Please check following notebook about training the llama2 7B over some public Q&A dataset. in the script they combining both question and answer in a prompt and using this for training. But in our course we have prepared both input and labels columns to check quality measures using ROUGE score. How do we calculate ROUGE scores for this notebook. my concern even when model getting training how it validate if dataset contains both input and output in same column?

Krishna Reddy

When you train an LLM, the input of the training is text and a label. The text format is usually dependent on the specific model you are training. Llama2, Bert, FlanT5, each have a preferred way to receive their prompts for training. These can be reviewed in their respective documentations in Huggingface. And as with any model that is trained, you have the label. In the case of a transformer being trained for a classification task, the label will be the class of the prompt (the ground truth). In the training loop, you pass the training data (in batches) and the model responds with its inference. This output (the inference) is used to calculate the loss and do the weights adjustments. If you are using a Huggingface library (the transformers library), all this is done for you behind the scenes.

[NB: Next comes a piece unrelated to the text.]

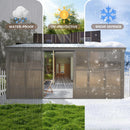 Domi 12x16FT Wall-Mounted Sunroom Gazebo, Aluminum Solarium with Galvanized Steel Sloping Roof, Detachable PC Screens, Front & 2 Side Sliding Doors, Outdoor Sun Room Lean to Gazebo for Patio Deck Lawn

You are in control of this. You load the dataset and you create the data loader. In the data loader you specify how the training data is formatted. Check out this section in the notebook of the lesson. You will see there how the data is prepared for the model.

1 Like

Thank you @Juan_Olano. I got it now. the input will be used for both input and output.
just sake of more clarification for any one please check following link

Hi Krishna, Thanks for sharing the notebook it really helped me. Would you please guide me to being an expert in fine-tuning models with having good knowledge of how things work so I can easily understand problems solve those fine-tuning parameters and prepare a dataset for the specific problem?

Sent Direct Message, Please check hope that will help.